After the arrival of Islam in the Indian sub-continent, the local architecture was influenced by Islamic building designs. The numerous mosques (Masjids) built in Dhaka represent that. Some of these places of worships were erected during the Sultan era, some during the Mughal era and some during the British era. There are also many modern architecture and most of them are influenced by Islamic arts and designs.

Since the Sultan era Masjids are being built in Dhaka. It started with the completion of the Binot Bibi's mosque in 1457 AD. It is called the first worship house for the Muslims in Dhaka. Blogger Juthochari [bn] informed that the establishment collapsed in 2006. The main thrust of erection of mosques happened during the Mughal era. Dhaka was named the capital of Subeh Bengal. Beautiful mosques bearing Islamic designs were built one by one. That time was also crucial for Dhaka to emerge as a capital city.

The influence of Mughal architecture remained also in the British era. It started to change slowly in the Pakistan era. During that time instead of architecture, practical needs were given more importance. The mosques that are being built today have modern elements of architecture. But they lack the culture and architectural excellence. The old mosques in Dhaka show sign of fusion of Islamic designs with designs invented by local craftsmanship. So some of these architectures have earned fame as local designs.

Some old mosques of Dhaka:

Binot Bibi's mosque built in 1457. Image courtesy Wikipedia.

Tara Mosque, which was built during early nineteenth century. Image courtesy Wikipedia.

Hazi Shahbaz's Mosque (1679). Image courtesy Wikipedia.

Khan Muhammad Mridha's mosque built in 1706.Image courtesy Wikipedia.

Musa Khan mosque, a pre-Mughal architectural masterpiece. Image courtesy Wikipedia.

Dhaka is also renowned as the city of Mosques [bn]. But many of these establishments bearing Islamic tradition and culture are being neglected and not properly maintained or restored. Some of them are in dilapidated states. In one featured post of Ahmed Firoz the current state of two such establishments – Boror Katara & Choto Katara – have been highlighted. Bara Katara mosque was built from 1643 to 1646 resembling Mughal architecture. Attachments to this mosque had been built removing parts of the structure, which has endangered the beautifully decorated original structure. You can see signboards of new shops, business houses etc inside the structure. Many big rooms had been partitioned to be used as small rooms. The choto Katara, which was built during Shaesta Khan's era (1664), is also on the verge of destruction.
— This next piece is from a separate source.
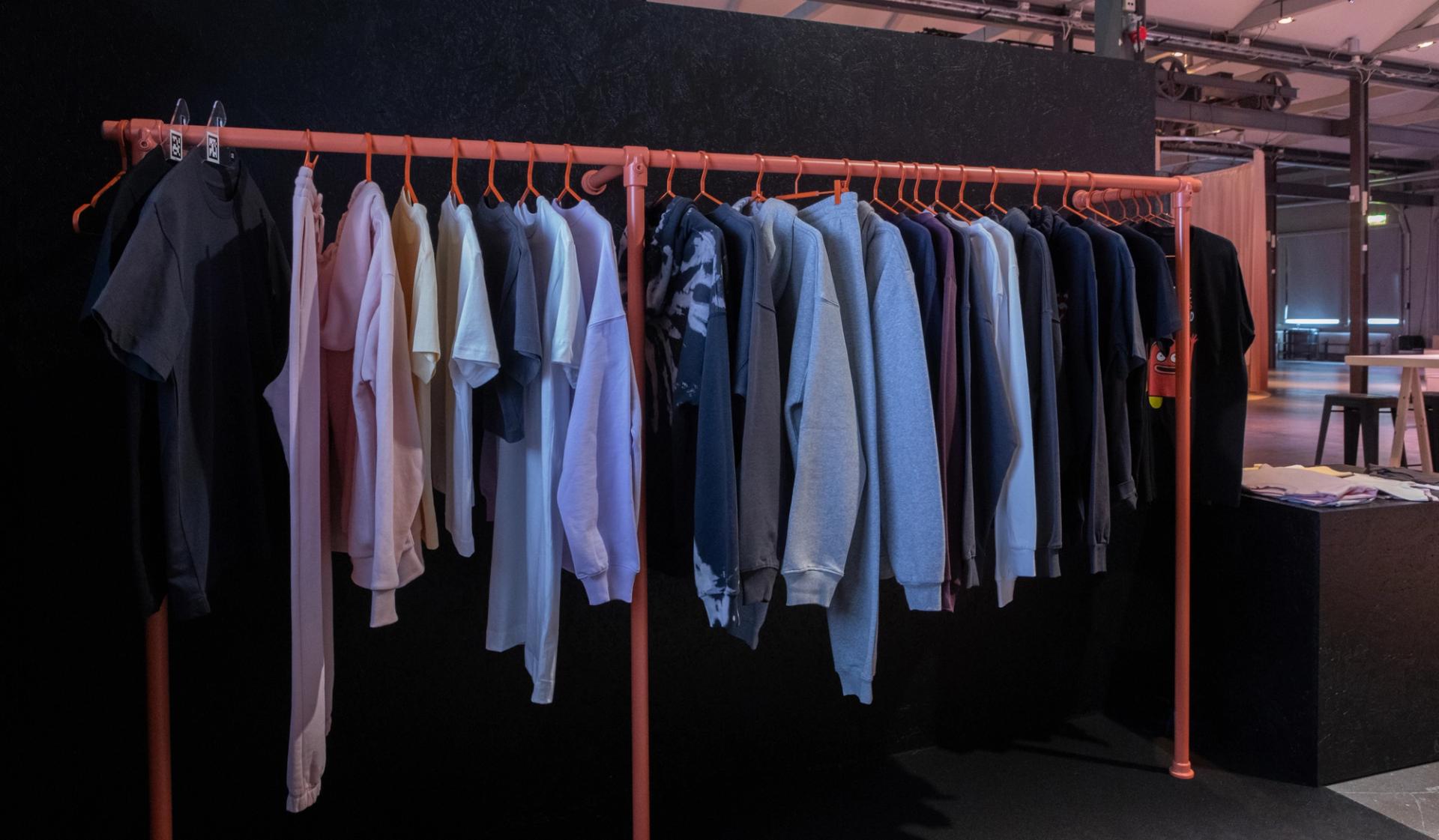 A rack of premium print on demand apparel hangs on red hangers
Blogger Hompgro posted a photo blog on the occasion of 400 years of the Dhaka city which highlights many old mosques. One from them is the Musa Khan Mosque built in 1679. Another one is the Hazi Shahbaz Mosque. It was built in 1679. And the Hazi Beg mosque is from 1683. These mosques are on the verge of falling down.

Blogger Razib took photos of many mosques to be added in Wikipedia entries. He was very much disheartened by the dilapidated state of many old mosques in Dhaka:

সেখানে পৌছাতেই মনটা খারাপ হয়ে গেলো। সেই প্রাচীন ভবনটির রক্ষণাবেক্ষণ একেবারেই নেই। কাটরার দেয়াল ঢেকে গায়ে জোড়া লাগিয়ে তৈরী হয়েছে ঘরবাড়ি আর দোকানপাট। কাটরার উপরের দিকটা মাদ্রাসার দখলে। আর ঠিক সামনেই পিডিবির বিশাল একটা ট্রান্সফর্মার ও তারের জট থাকায় পুরো ভবনটাই ঢেকে গেছে।

I was very sad to see the mosque in this state. The old architecture is not maintained at all. Houses were erected adjacent to the walls of the Katara, covering the original structure. The upper stories are occupied by a Madrasah. And right in front there is a transformer placed by the power department (PDB) which is obstructing the view to the mosque.
  • yna sue

    I’m a children’s writer for the young Muslim children and one of the articles I need to write focuses on Bangladesh’s first masjid. However, I am clueless of which ones was the first. The sources on the internet only provides some of the oldest mosques in bangladesh but nothing really directs to the first one. Can I get help from here? I’d be glad to hear your response.